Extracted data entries
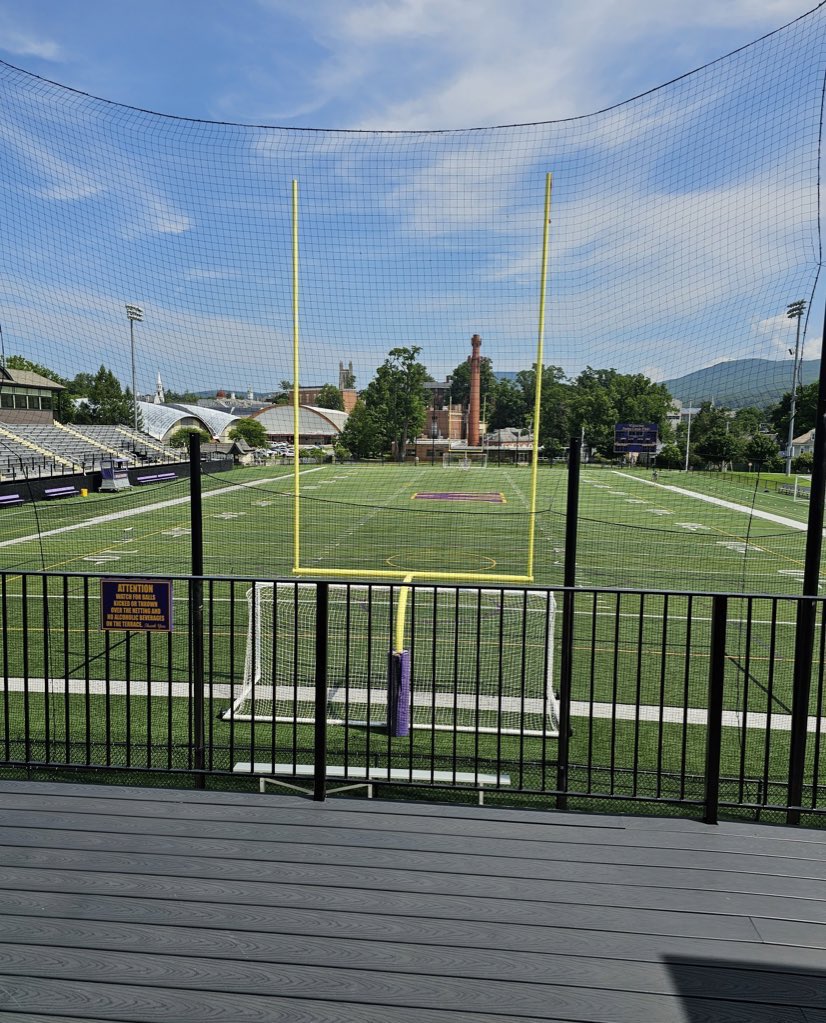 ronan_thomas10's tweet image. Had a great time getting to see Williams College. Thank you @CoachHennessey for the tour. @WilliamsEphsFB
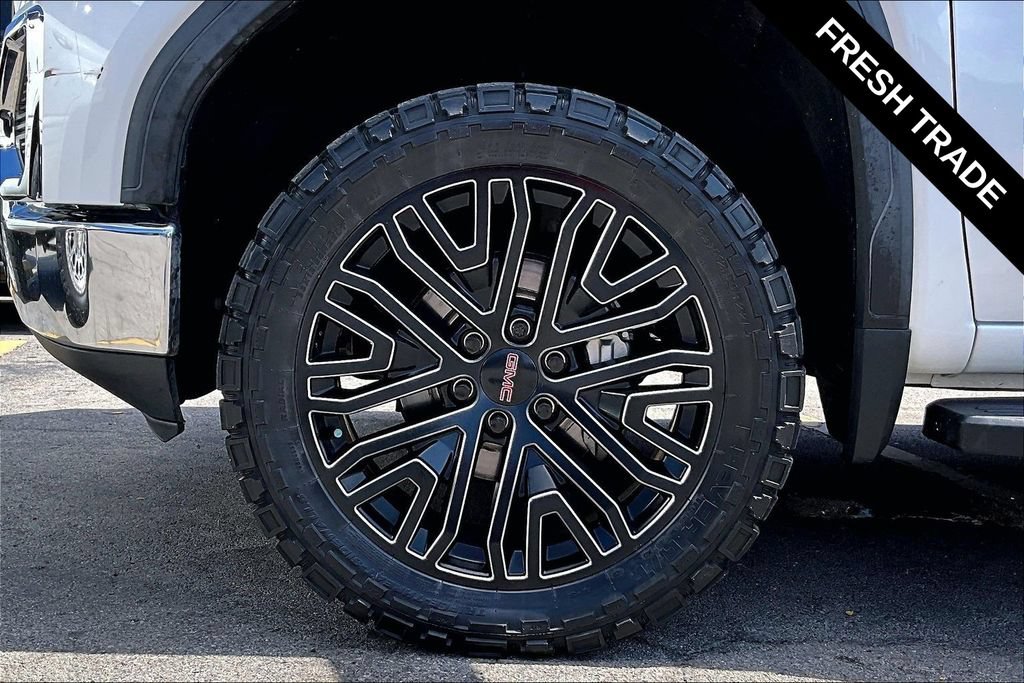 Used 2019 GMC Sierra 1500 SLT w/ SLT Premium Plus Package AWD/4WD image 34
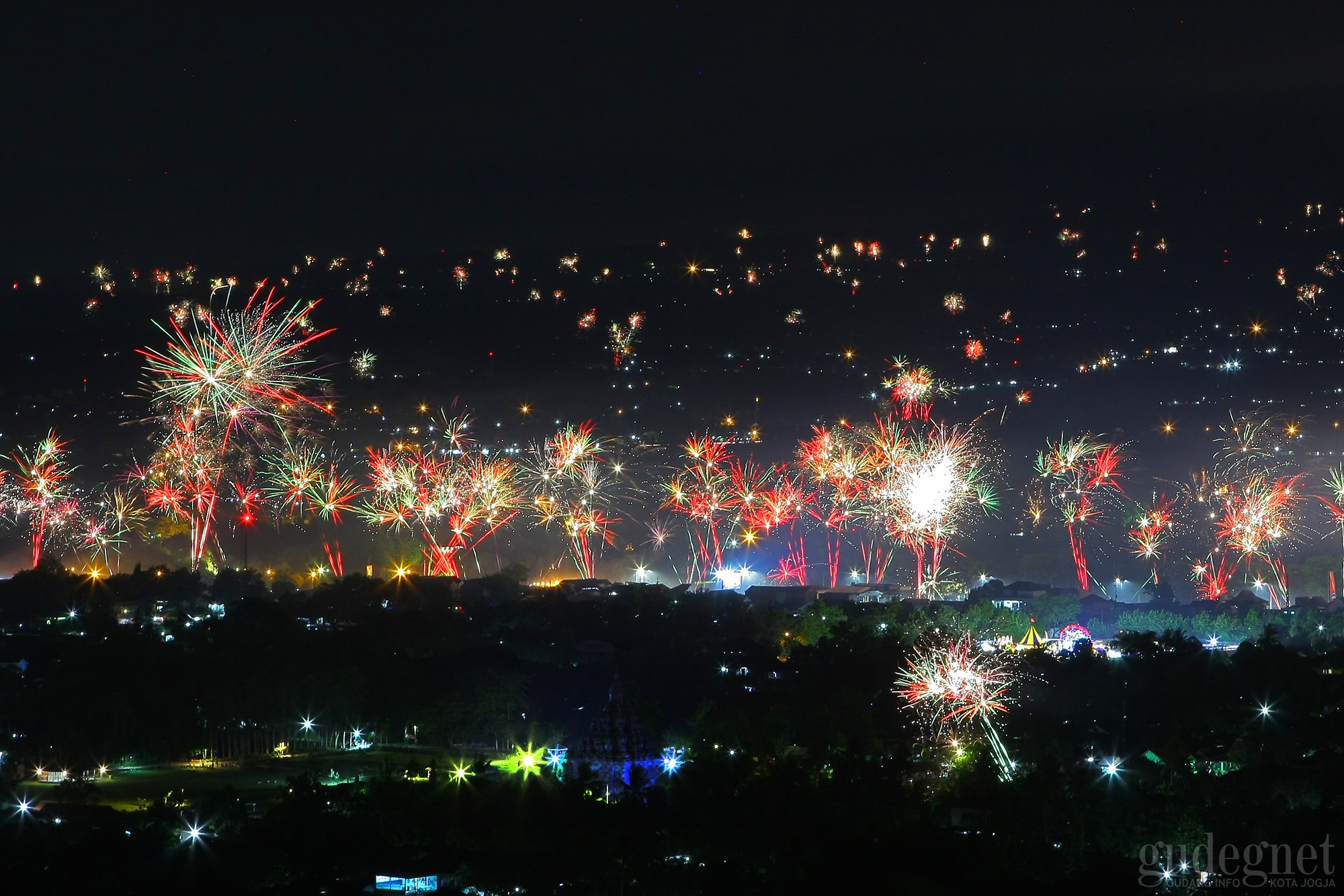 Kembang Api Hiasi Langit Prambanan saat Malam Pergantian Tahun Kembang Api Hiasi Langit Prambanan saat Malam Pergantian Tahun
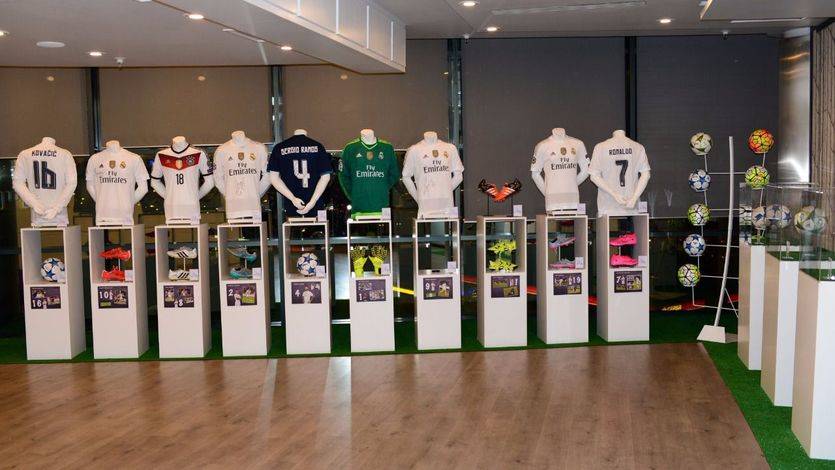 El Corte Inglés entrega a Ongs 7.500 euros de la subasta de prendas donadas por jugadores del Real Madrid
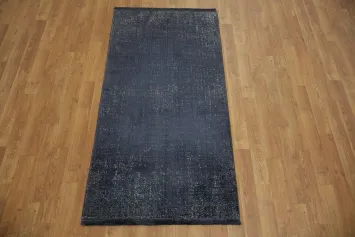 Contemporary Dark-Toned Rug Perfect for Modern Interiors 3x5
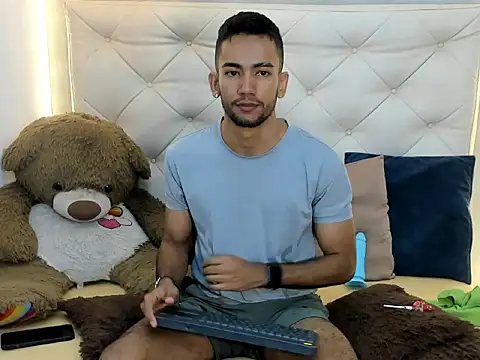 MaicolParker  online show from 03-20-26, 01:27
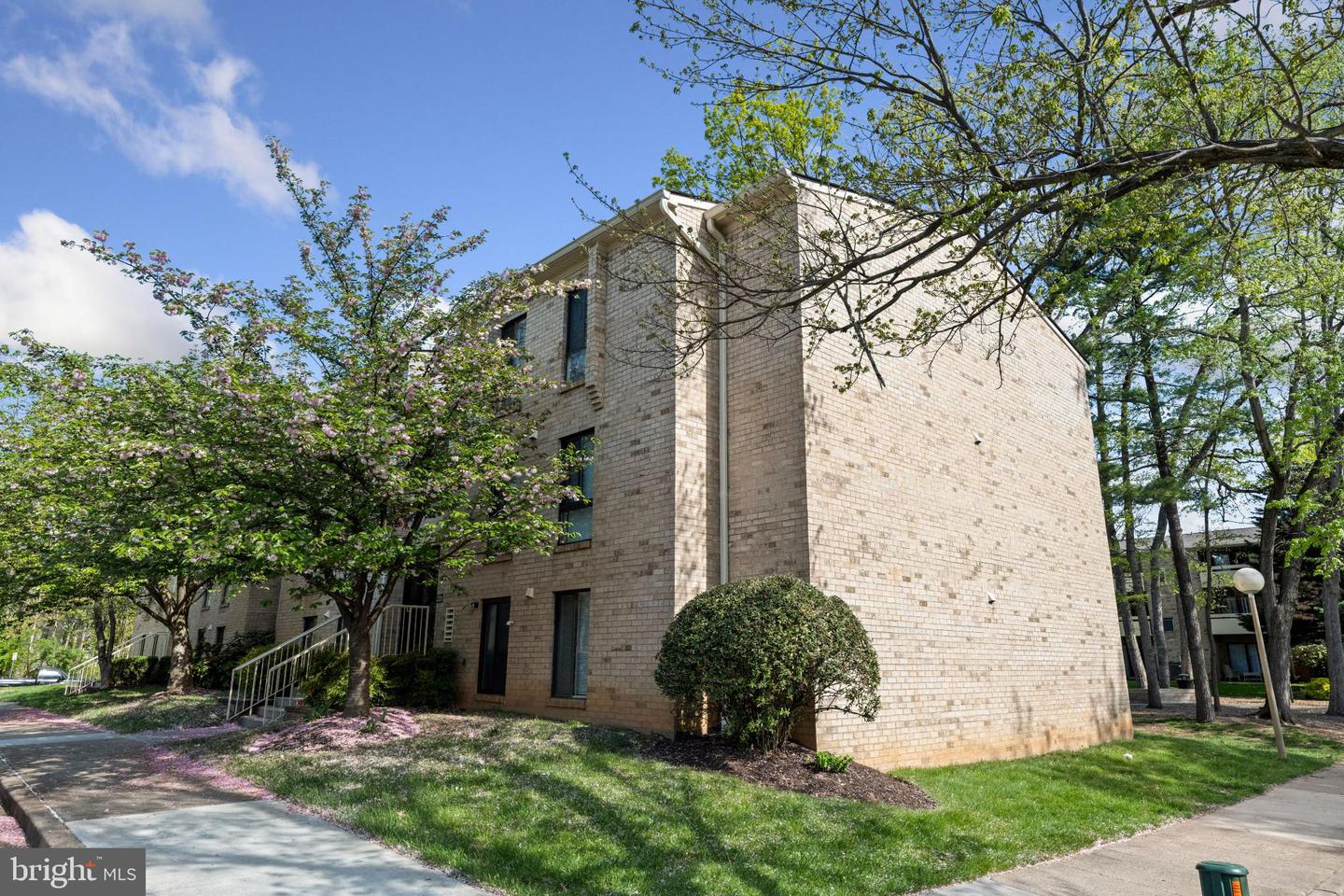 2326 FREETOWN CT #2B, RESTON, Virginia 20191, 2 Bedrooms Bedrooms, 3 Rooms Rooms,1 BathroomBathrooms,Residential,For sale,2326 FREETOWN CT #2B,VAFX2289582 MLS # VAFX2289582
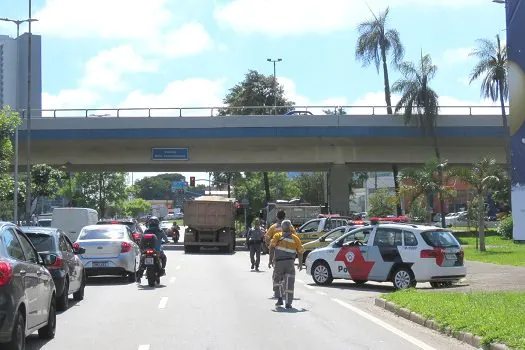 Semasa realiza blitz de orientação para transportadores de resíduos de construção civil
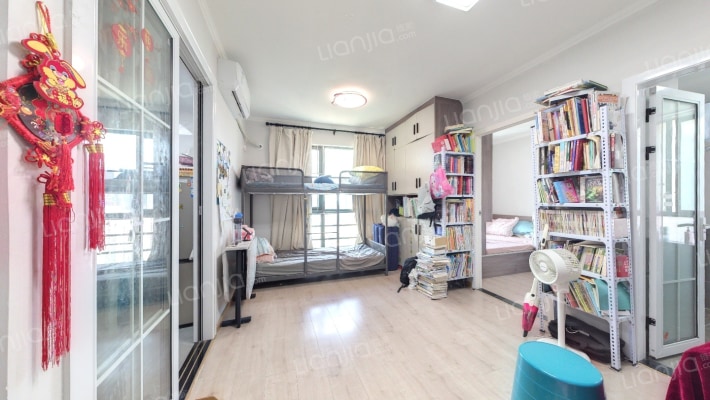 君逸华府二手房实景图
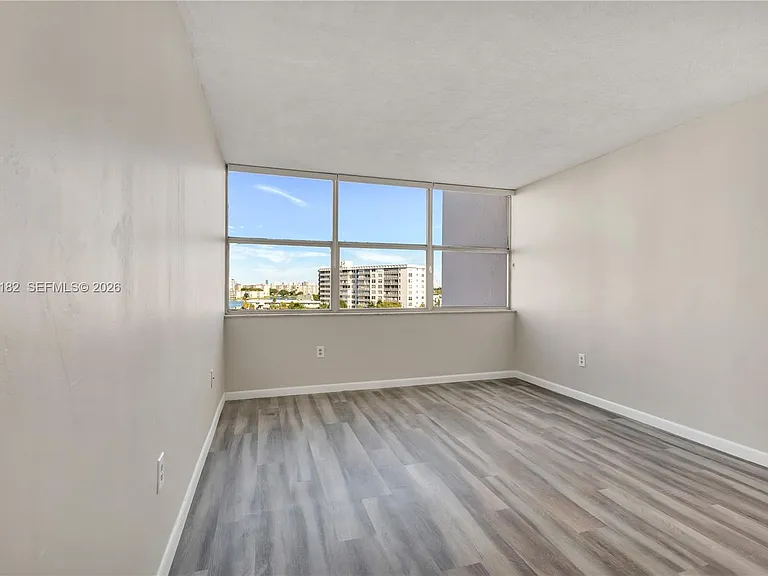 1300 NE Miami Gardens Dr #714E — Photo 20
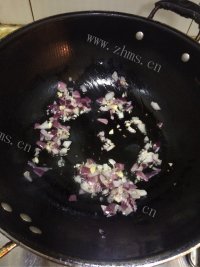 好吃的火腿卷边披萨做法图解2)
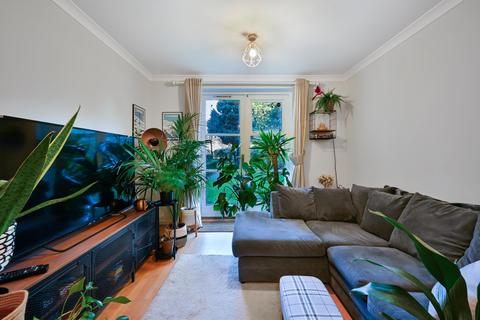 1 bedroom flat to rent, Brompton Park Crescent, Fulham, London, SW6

§ PROMPT: Your copy of the records must match them exactly, except that no pictures appear in it.

§ RESPONSE TO THE TASK:
 ronan_thomas10's tweet image. Had a great time getting to see Williams College. Thank you @CoachHennessey for the tour. @WilliamsEphsFB
 Used 2019 GMC Sierra 1500 SLT w/ SLT Premium Plus Package AWD/4WD image 34
 Kembang Api Hiasi Langit Prambanan saat Malam Pergantian Tahun Kembang Api Hiasi Langit Prambanan saat Malam Pergantian Tahun
 El Corte Inglés entrega a Ongs 7.500 euros de la subasta de prendas donadas por jugadores del Real Madrid
 Contemporary Dark-Toned Rug Perfect for Modern Interiors 3x5
 MaicolParker  online show from 03-20-26, 01:27
 2326 FREETOWN CT #2B, RESTON, Virginia 20191, 2 Bedrooms Bedrooms, 3 Rooms Rooms,1 BathroomBathrooms,Residential,For sale,2326 FREETOWN CT #2B,VAFX2289582 MLS # VAFX2289582
 Semasa realiza blitz de orientação para transportadores de resíduos de construção civil
 君逸华府二手房实景图
 1300 NE Miami Gardens Dr #714E — Photo 20
 好吃的火腿卷边披萨做法图解2)
 1 bedroom flat to rent, Brompton Park Crescent, Fulham, London, SW6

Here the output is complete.